L’accord prévoit également un mécanisme renforçant la coopération turco-qatarie dans le domaine de la formation militaire, l’industrie de la défense ainsi que les manœuvres militaires conjointes. Conformément à cet accord, les deux pays autoriseront l’utilisation de leurs ports, aéroports et espaces aériens.
En outre, les unités militaires turques et qataries organiseront des exercices militaires conjoints et devront mettre en place une force de déploiement rapide en réponse aux défis de sécurité de la région. La raison qui plaide pour un renforcement stratégique bilatéral est la montée des périls en Syrie, en Irak et plus récemment au Yémen. L'ascension de l'Organisation de l'Etat islamique constitue une menace pour tous les pays de la région et une coopération sur le plan militaire devient impérieuse pour la contrer. Faisant figure d'Etats politiquement stables, économiquement prospères et partageant les mêmes options sur les grands sujets régionaux, les deux pays se concertent régulièrement pour apprécier la situation et développer un axe qui puisse devenir l'un des plus solides dans l'équation stratégique du Moyen-Orient. Ce n'est d'ailleurs pas un hasard si la Turquie a été l'un des pays les plus visités par l'émir du Qatar depuis son accession au pouvoir en juin 2013.
Accord historique, portée symbolique
La création d'une base militaire au Qatar a, d’une part, une portée historique puisque des soldats ottomans étaient présents dans la région il y a plus de cent ans et c'est contre la domination ottomane que s'est forgé le sentiment national qatari. D’autre part, elle a surtout une portée symbolique : il s’agit là de la première base militaire permanente de la Turquie hors de ses frontières.

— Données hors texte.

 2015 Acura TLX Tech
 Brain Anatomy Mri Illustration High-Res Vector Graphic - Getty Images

Lors de la visite de l’émir en décembre 2014, les deux chefs d’Etats s’étaient prononcés pour la création d’un « Conseil de coopération stratégique de haut niveau » dont l’objectif est d’établir un cadre institutionnel aux relations bilatérales. Ce Conseil stratégique englobera plusieurs domaines de coopération : politique, économique, commercial, culturel, scientifique, technologique, énergétique mais aussi militaire. A ce titre, l’émir du Qatar avait alors déclaré : “L’armée turque, avec son histoire et son expérience, va permettre à notre armée d’améliorer ses capacités”. Une phrase qui annonçait une coopération militaire imminente et qui démontre la force d'un lien stratégique qui semble se consolider avec le temps.

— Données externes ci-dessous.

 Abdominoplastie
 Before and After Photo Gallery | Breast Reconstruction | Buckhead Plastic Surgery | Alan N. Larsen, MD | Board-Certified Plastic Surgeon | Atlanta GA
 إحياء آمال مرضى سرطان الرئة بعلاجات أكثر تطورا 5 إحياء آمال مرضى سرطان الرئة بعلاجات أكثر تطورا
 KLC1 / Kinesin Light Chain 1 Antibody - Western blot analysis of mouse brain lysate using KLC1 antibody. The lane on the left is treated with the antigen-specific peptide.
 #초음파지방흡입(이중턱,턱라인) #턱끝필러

Enfin, il est à rappeler que les deux pays partagent les mêmes points de vue sur deux des dossiers les plus chauds de la région. S'agissant de Gaza, Ankara et Doha font partie des acteurs qui soutiennent le plus la résistance palestinienne. S'exprimant au nom de toutes les factions palestiniennes, Obou Obeida, le porte-parole de la branche militaire du Hamas avait publiquement remercié ces deux pays pour leur soutien lors de l'offensive israélienne de l'été dernier. Sur l'Egypte, les deux pays ont refusé d'adouber le coup d'Etat qui a renversé le président élu Mohamed Morsi. L'axe Doha-Ankara devient donc l'un de ceux les plus en vue dans la carte stratégique régionale.